Wariest türkçesi Wariest nedir

Wariest ingilizcede ne demek, Wariest nerede nasıl kullanılır?

Cassowaries : Tepeli deve kuşları. Tepeli deve kuşugiller. Devekuşu ile akraba iri uçamayan bir kuş (avustralya ve yeni gine'ye özgü). Kuşlar (aves) sınıfının, karinasızlar (ratitae) bölümünden, kanatları oldukça körelmiş, ayakları üç parmaklı, boyunları kısa bir takım. avustralya deve kuşları. Kuşlar (aves) sınıfının, tepeli deve kuşları (casuarii) takımından, başlarında boynuz maddesinden yapılmış, miğfere benzeyen bir ibik bulunan, tüyleri ince ve koyu renkli, başları ve boyunları tüysüz, iyi koşan, avustralya ve yeni gine'de ormanlarda yaşayan, meyvelerle beslenen bir familya. avustralya deve kuşugiller.

Warier : Uyanık. Temkinli. Ürkek. İhtiyatlı. Dikkatli. Kıvırcık. İhtiyatkar. Sakıngan. Tetikte. Tedbirli.

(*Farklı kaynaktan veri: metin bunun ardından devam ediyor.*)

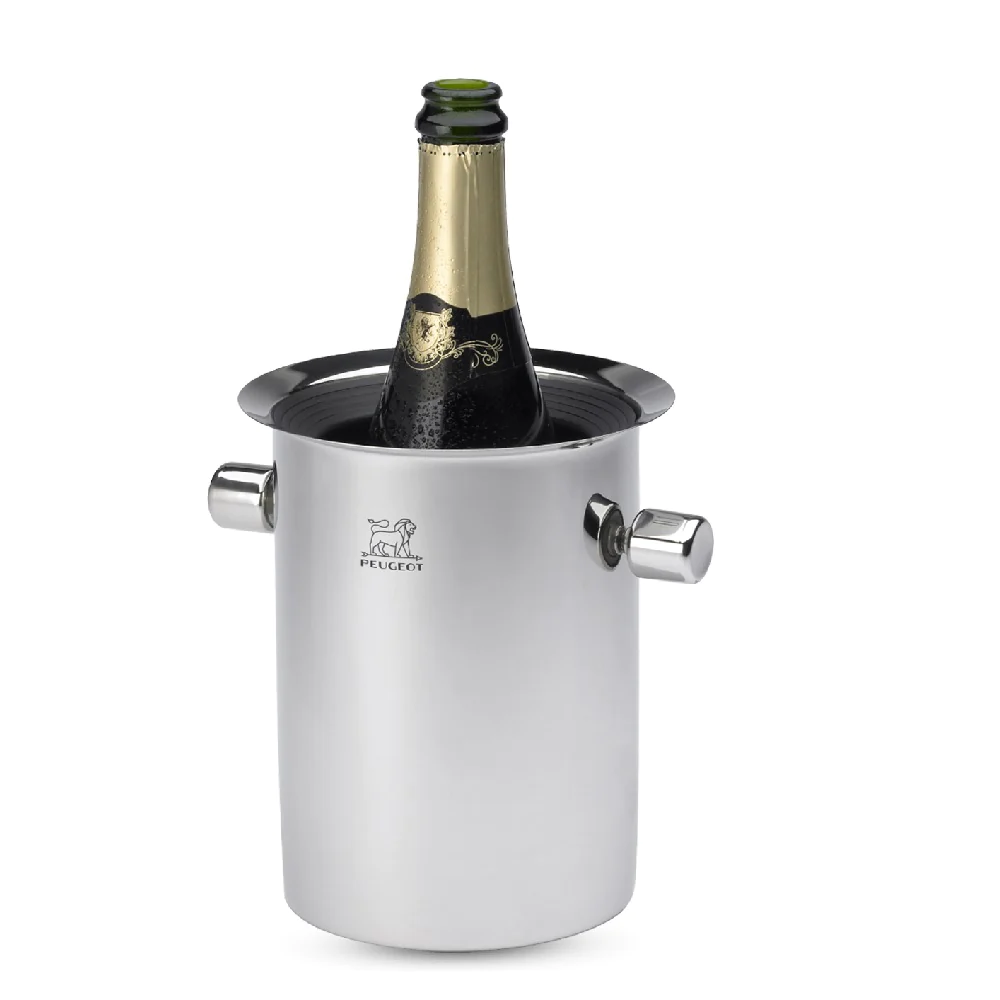 Seau à champagne équilibreur thermique avec glacettes 19 cm Peugeot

Waribashi : Tek kullanımlık japon yemek çubuğu çifti.

Warily : Uyanık bir biçimde. Uyanık bir şekilde. Sakınarak. İhtiyatla. Dikkatlice. Temkinlice. Dikkatle. Tedbirli bir şekilde.

Wariness : Uyanıklık. İhtiyat.

War and peace : Napolyon dönemi esnasında rusya hakkında tolstoy tarafından yazılan roman (orjinali 1860'ta basılan). Savaş ve barış.

 

War against terrorism : Teröre karşı savaş. Terörle mücadele. Terörü engelleme amaçlı girişim. Terörü alt etme amaçlı faaliyetler.

Unwariness : Dikkatsizlik. İhtiyatsızlık. Tedbirsizlik.

Warison : Tedarik. Ödül. Koruma. Karşılık. Hazırlık. Mükafat. Tazminat.

War against : Karşı savaşmak.

İngilizce Wariest Türkçe anlamı, Wariest eş anlamlısı

Sözcükler, direkt olarak Wariest ile ilgili eş anlamlı kelimeler olmayabilir. Kelime anlamı benzer olan sözcükler olabilirler.

Switched on : Açıkgöz. Kanı kaynamış. Çalışır halde. Heyecanlı. Elektriği yakmak. Çalıştırılmış. Açmak. Çalıştırmak.

Alive : Haberdar. Hareketli. Diri diri. Yaşam dolu. Sağ. Canlı. Diri. Elektrik yüklü. Yaşayan. Farkında.

Advised : Tavsiye edilen. İyice düşünülmüş. Düşünceli. Tavsiye edilmiş.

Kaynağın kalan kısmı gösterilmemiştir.